There's no need to do an inverse search, just search for lines ending 'p'.

ADD REPLY • link 8.3 years ago by Daniel ★ 4.0k

score 3 · Answer 1 · 2016-12-20

3

Entering edit mode

8.3 years ago

Daniel ★ 4.0k

I think everyone's overthinking this... to select only the non '*' ending headers (i.e. the lines ending in p) just do:

grep -A 1 ">.*p$" file.fasta >output.fasta

Explanation: 
- line starts as a fasta (>)
- has any amount of characters (.*)
- ends with a p (p$)
Then also print the line after it (-A 1).

Edit: To be honest, there's no need for the complicated regex, as we know there's not going to be a 'p' in any sequence lines. So this would work too:

grep -A 1 "p$" file.fasta >output.fasta

ADD COMMENT • link 8.3 years ago by Daniel ★ 4.0k

0

Entering edit mode

better adding --no-group-separator

ADD REPLY • link 8.3 years ago by shenwei356 8.7k

score 2 · Answer 2 · 2016-12-20

I tried to use shell grep, but it's hard to do this.
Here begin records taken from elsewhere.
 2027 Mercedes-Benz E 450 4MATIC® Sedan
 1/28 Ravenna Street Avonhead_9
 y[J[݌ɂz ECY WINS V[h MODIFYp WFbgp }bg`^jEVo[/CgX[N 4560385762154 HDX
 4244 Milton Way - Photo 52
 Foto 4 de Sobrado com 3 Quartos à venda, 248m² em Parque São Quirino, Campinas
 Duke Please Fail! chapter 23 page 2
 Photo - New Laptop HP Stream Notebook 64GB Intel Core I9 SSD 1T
Try the grep (usage) of SeqKit, just download the executable binary file and run:

./seqkit grep -r -p "\*" -v FILE
>Eha-Novel-38_5p 
ACCCATTTTCGTCTGAGGATAAT
>Eha-Novel-46_3p 
AATGGCGGCCTGATATCCCGGA
>Eha-Novel-44_3p 
TATCACAGTCATTTACGGGTAC

Long-option version:

./seqkit grep --use-regexp --pattern "\*" --invert-match FILE

score 1 · Answer 3 · 2016-12-20

Hi,

It looks like grep invert search (-v) and context (-A) are not working well together. I found one-liner solutions with sed and awk but here is a less elegant but probably simpler solution using only grep :

grep ">" FILE | grep -v "*" | grep -f - FILE -A 1

This first look for headers in your FILE, then select those without * and use them to search the file again. If speed is not an issue, I guess this is an ok solution.

PS : If you want to remove the "- -" from the output, you can do it with one more grep (or awk, sed or whatever you like).
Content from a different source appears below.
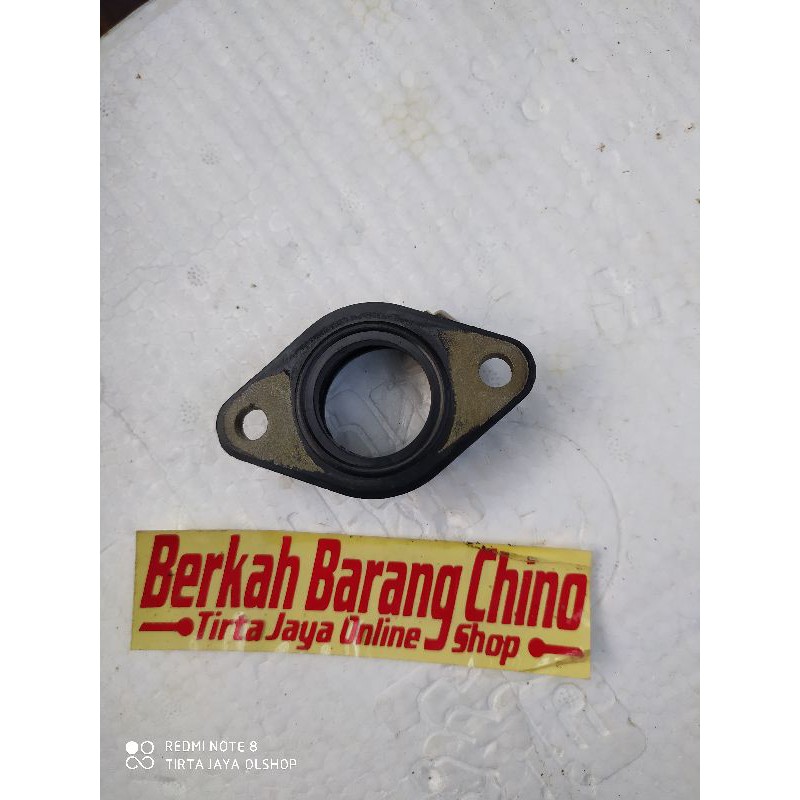 karet manipol honda cb gl megapro tiger pake karbu pe28 pwl ninja pwk 28-30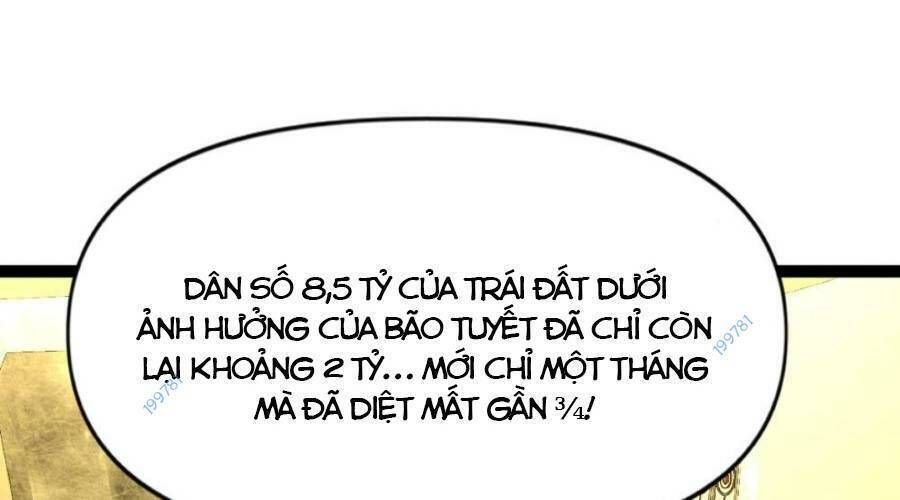đọc truyện Toàn Cầu Băng Phong: Ta Chế Tạo Phòng An Toàn Tại Tận Thế Chương 99 ảnh 38 tại Thiên Thai Truyện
grep ">" FILE | grep -v "*" | grep -f - FILE -A 1 | grep -v "\-\-"

score 1 · Answer 4 · 2016-12-20

1

Entering edit mode

8.3 years ago

5heikki 11k

awk '{if(/^>/ && ! /\*$/){getline var; print $0"\n"var}}' FILE

If line starts with ">" and doesn't end in "*", get the next line into var, print the current line, linebreak, and var.

Also, OP please be more meticulous, the title, what you want, and desired output all differ. The above produces desired output (as long as there are no linebreaks in sequences).

ADD COMMENT • link 8.3 years ago by 5heikki 11k

0

Entering edit mode

This solution is simple, efficient, readable,... Love awk's magic.

ADD REPLY • link 8.3 years ago by Carlo Yague 9.0k

0

Entering edit mode

I modified it a little bit while you commented. I think it's more clear like this since print $0 doesn't get repeated. If somebody cares, it was like this before:

awk '{if(/^>/ && ! /\*$/){print $0; getline; print $0}}' FILE

If line starts with ">" and doesn't end in "*", print the line, get the next line, print it.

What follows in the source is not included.